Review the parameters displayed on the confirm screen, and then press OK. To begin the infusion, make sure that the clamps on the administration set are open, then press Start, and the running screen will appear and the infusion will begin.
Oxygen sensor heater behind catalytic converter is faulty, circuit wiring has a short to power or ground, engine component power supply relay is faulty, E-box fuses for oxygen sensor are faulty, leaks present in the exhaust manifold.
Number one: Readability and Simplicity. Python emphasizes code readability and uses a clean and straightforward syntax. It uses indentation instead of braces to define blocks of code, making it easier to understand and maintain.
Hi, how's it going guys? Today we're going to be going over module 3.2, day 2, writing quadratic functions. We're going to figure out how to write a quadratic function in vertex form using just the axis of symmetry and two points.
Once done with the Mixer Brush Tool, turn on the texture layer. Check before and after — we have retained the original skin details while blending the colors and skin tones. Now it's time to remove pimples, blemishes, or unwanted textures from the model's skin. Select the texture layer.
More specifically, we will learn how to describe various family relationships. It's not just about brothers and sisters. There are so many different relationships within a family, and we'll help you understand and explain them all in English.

◇ ◇ ◇ ◇

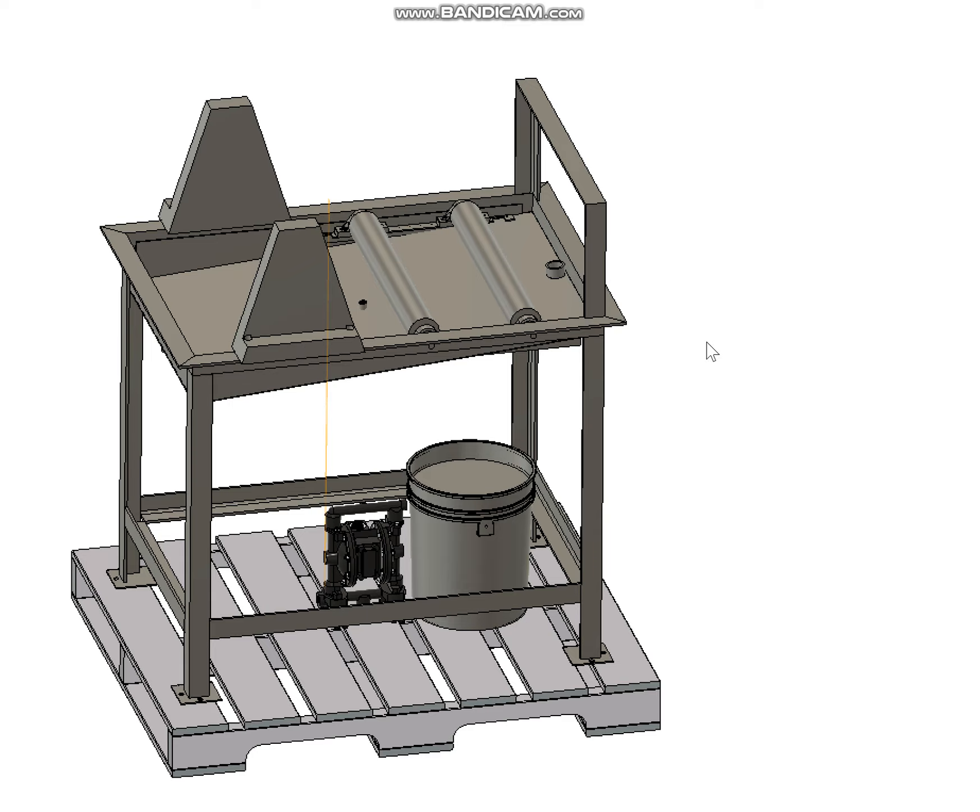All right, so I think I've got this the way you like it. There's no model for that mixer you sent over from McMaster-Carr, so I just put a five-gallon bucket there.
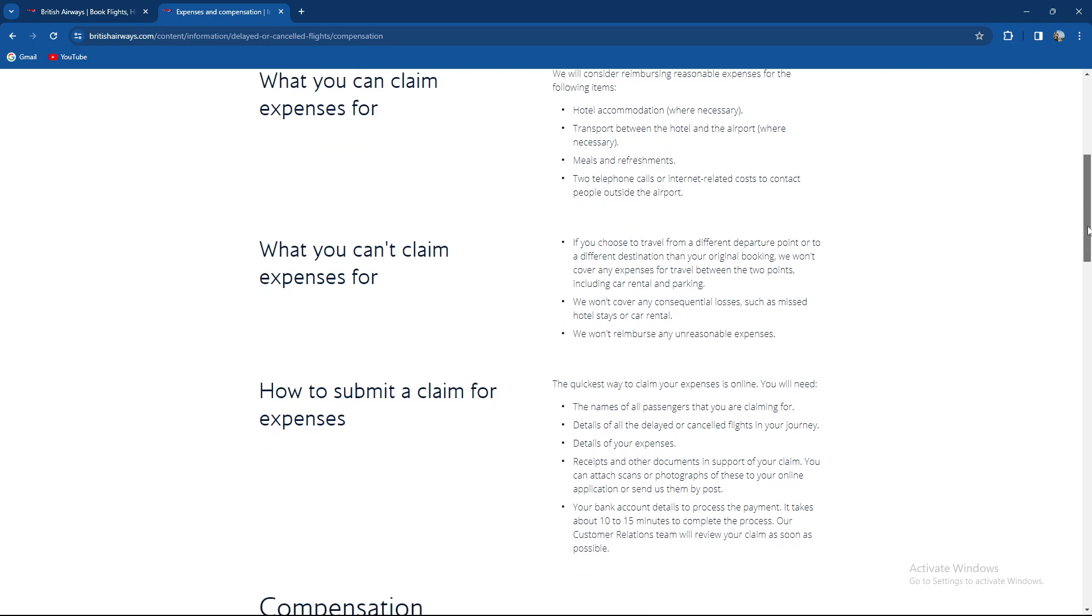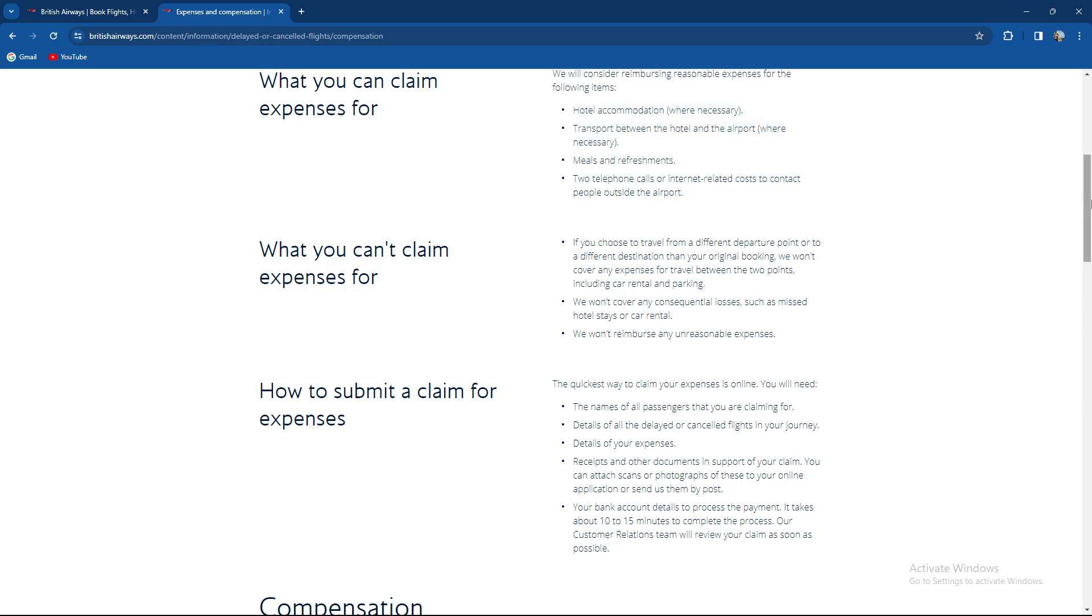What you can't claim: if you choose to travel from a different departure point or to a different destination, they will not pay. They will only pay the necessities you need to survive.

◇ ◇ ◇ ◇

§ **How to complete this task**
Print, from the entries above, the line with "Oxygen sensor heater", the line with "Once done with" and all lines between them, exactly and with nothing else.

§ **Answer area**
Oxygen sensor heater behind catalytic converter is faulty, circuit wiring has a short to power or ground, engine component power supply relay is faulty, E-box fuses for oxygen sensor are faulty, leaks present in the exhaust manifold.
Number one: Readability and Simplicity. Python emphasizes code readability and uses a clean and straightforward syntax. It uses indentation instead of braces to define blocks of code, making it easier to understand and maintain.
Hi, how's it going guys? Today we're going to be going over module 3.2, day 2, writing quadratic functions. We're going to figure out how to write a quadratic function in vertex form using just the axis of symmetry and two points.
Once done with the Mixer Brush Tool, turn on the texture layer. Check before and after — we have retained the original skin details while blending the colors and skin tones. Now it's time to remove pimples, blemishes, or unwanted textures from the model's skin. Select the texture layer.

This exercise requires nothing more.